(Scraped caption text data)
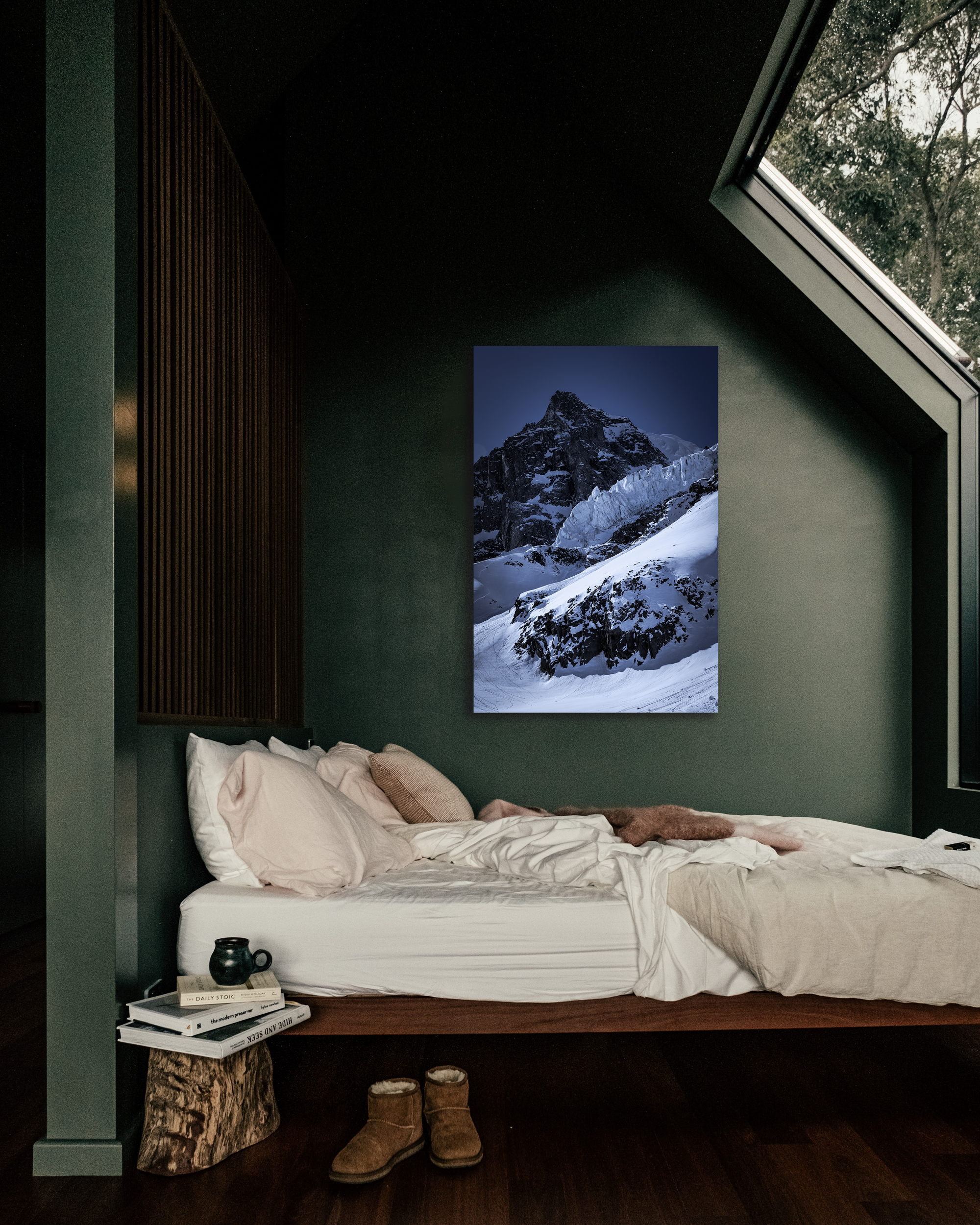 A cozy bedroom showcases a glacier laden image on its wall.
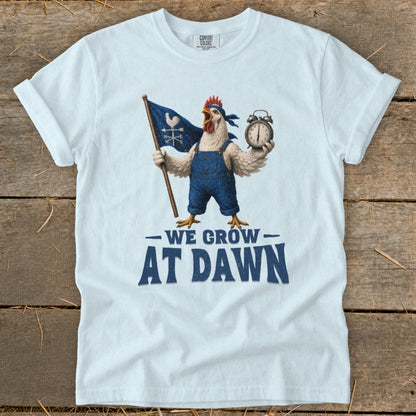 Chicken wearing overalls holding flag and alarm clock with text "WE GROW AT DAWN".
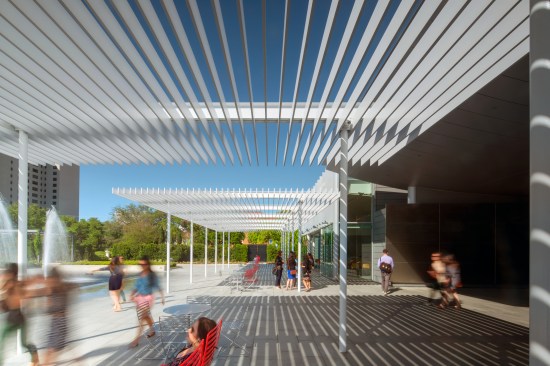 1" x 8" aluminum fins are hung from steel beams creating a porous plane.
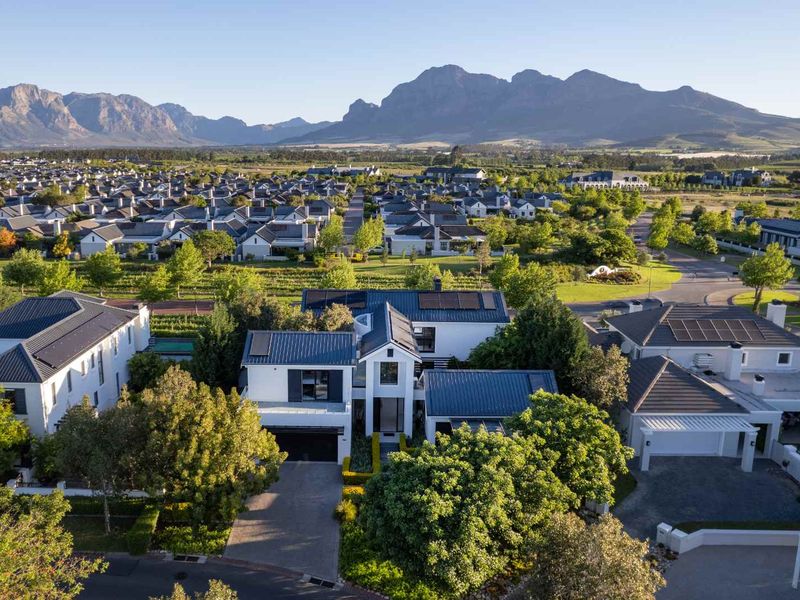 Aerial view of a modern residential property featuring a metal roof with solar panels, a paved driveway, and established garden in a scenic estate.
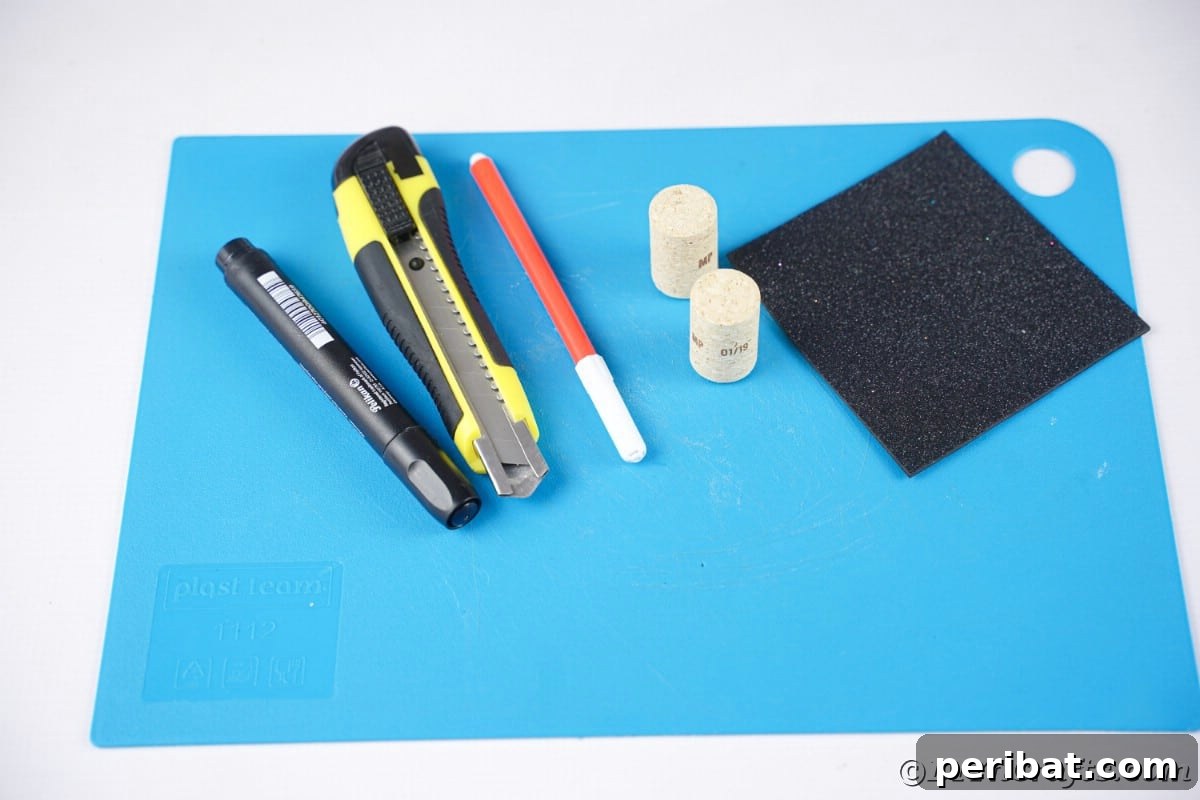 markers corker felt and craft knife on blue paper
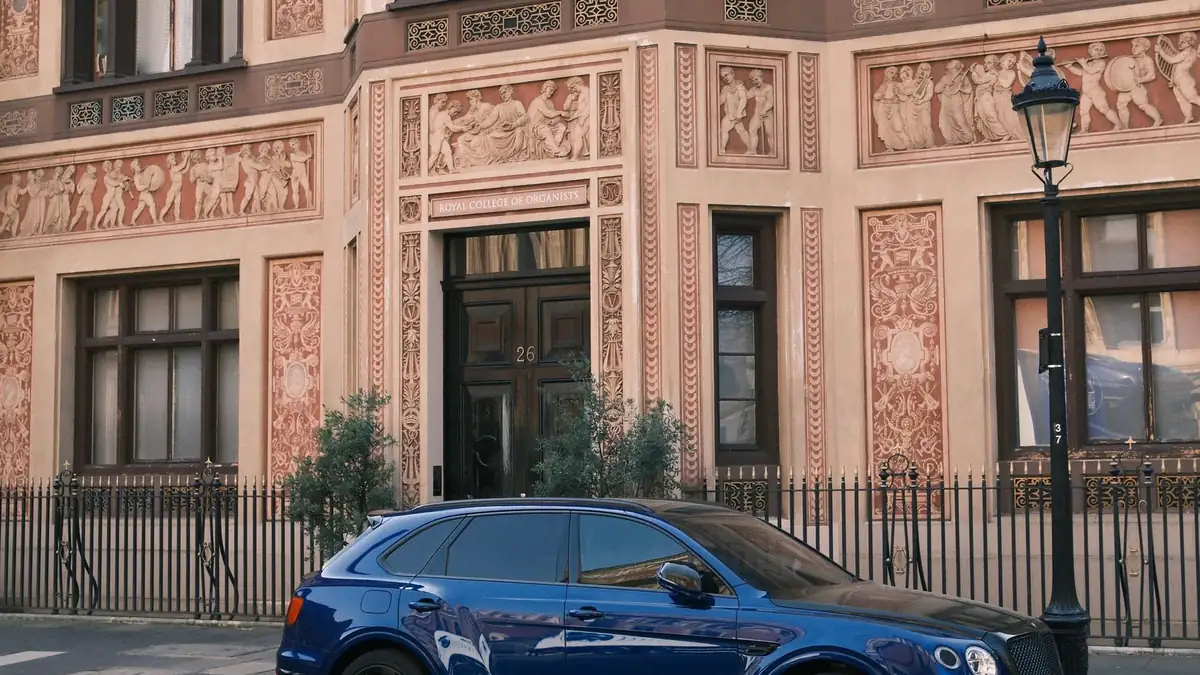 A large luxury SUV parked on a British residential street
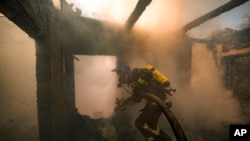 A Ukrainian firefighter sprays water inside a house destroyed by shelling in Kyiv, Ukraine, March 23, 2022.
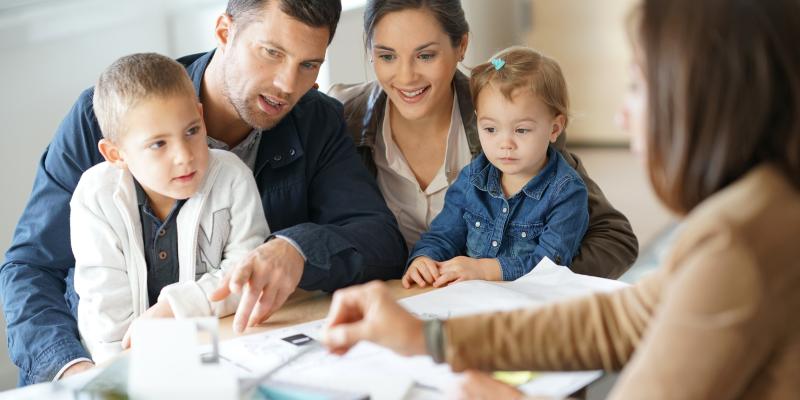 A family of four meeting with a social services worker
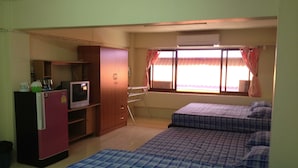 A compact room with a kitchenette, a bed with a checkered duvet, a window with curtains, and a built-in air conditioning unit. - Onn Inn at Cha-am (Cha-am)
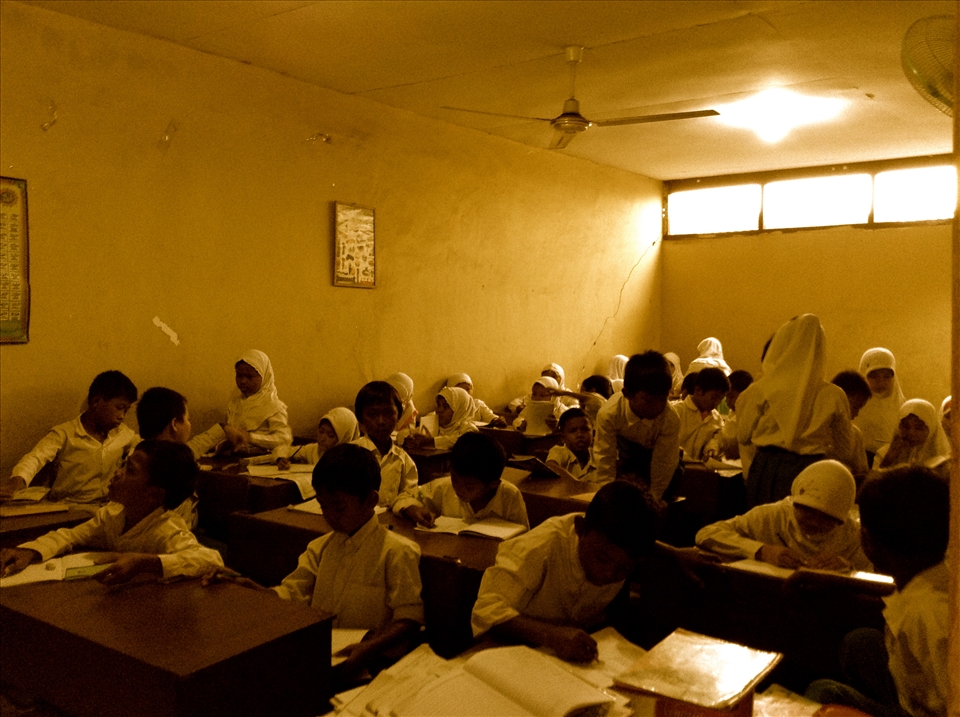 This is an ordinary day in Dito's class in SD Mi Al Istiqomah. As a school located in slum area, some foster parents like me are investing our money in its kids.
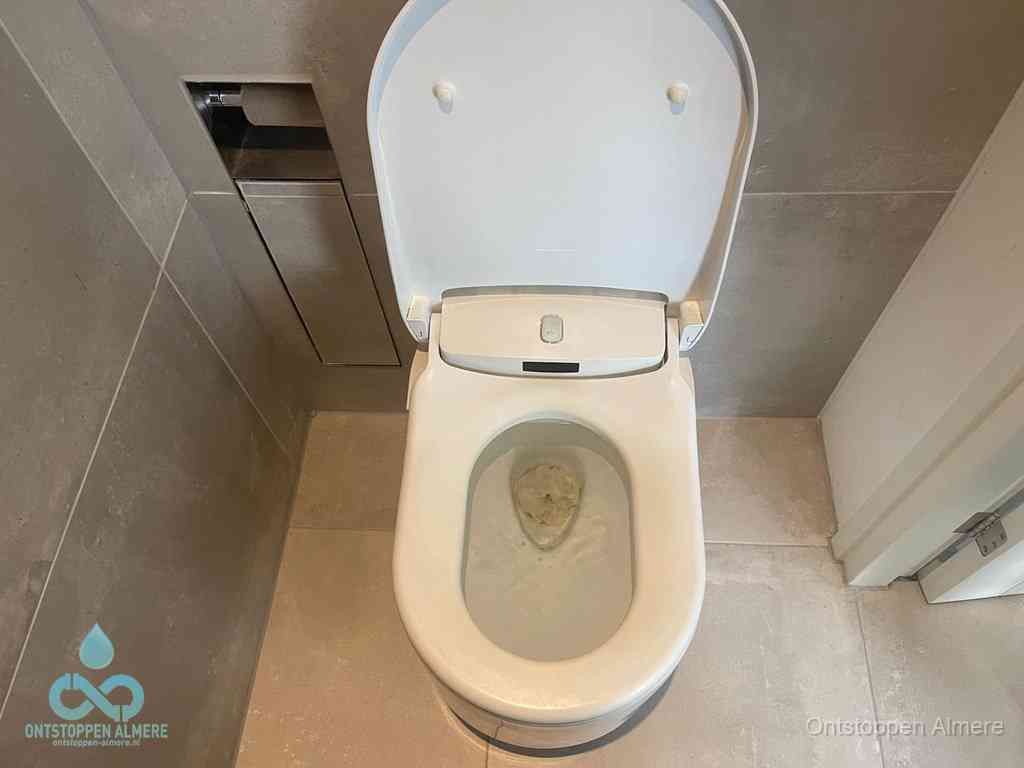 Een wit hangtoilet waarin een prop wc-papier op het water blijft drijven, een duidelijk signaal van een verstopte wc in Almere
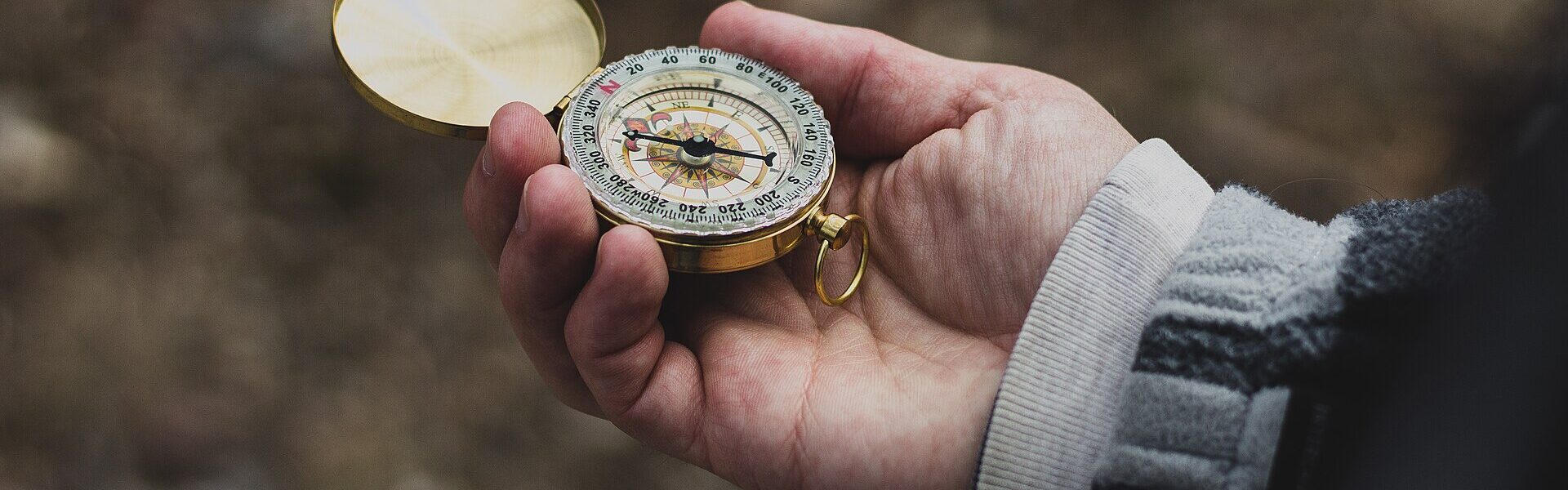 A compass held in hand, symbolising discernment when choosing a serious energy practitioner with Ad Unum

▶ _PROBLEM DETAILS_
Take the records from their first line through the line containing "markers corker felt" and please return exactly those lines, both ends included, minus the pictures.

▶ _YOUR RESPONSE_
 A cozy bedroom showcases a glacier laden image on its wall.
 Chicken wearing overalls holding flag and alarm clock with text "WE GROW AT DAWN".
 1" x 8" aluminum fins are hung from steel beams creating a porous plane.
 Aerial view of a modern residential property featuring a metal roof with solar panels, a paved driveway, and established garden in a scenic estate.
 markers corker felt and craft knife on blue paper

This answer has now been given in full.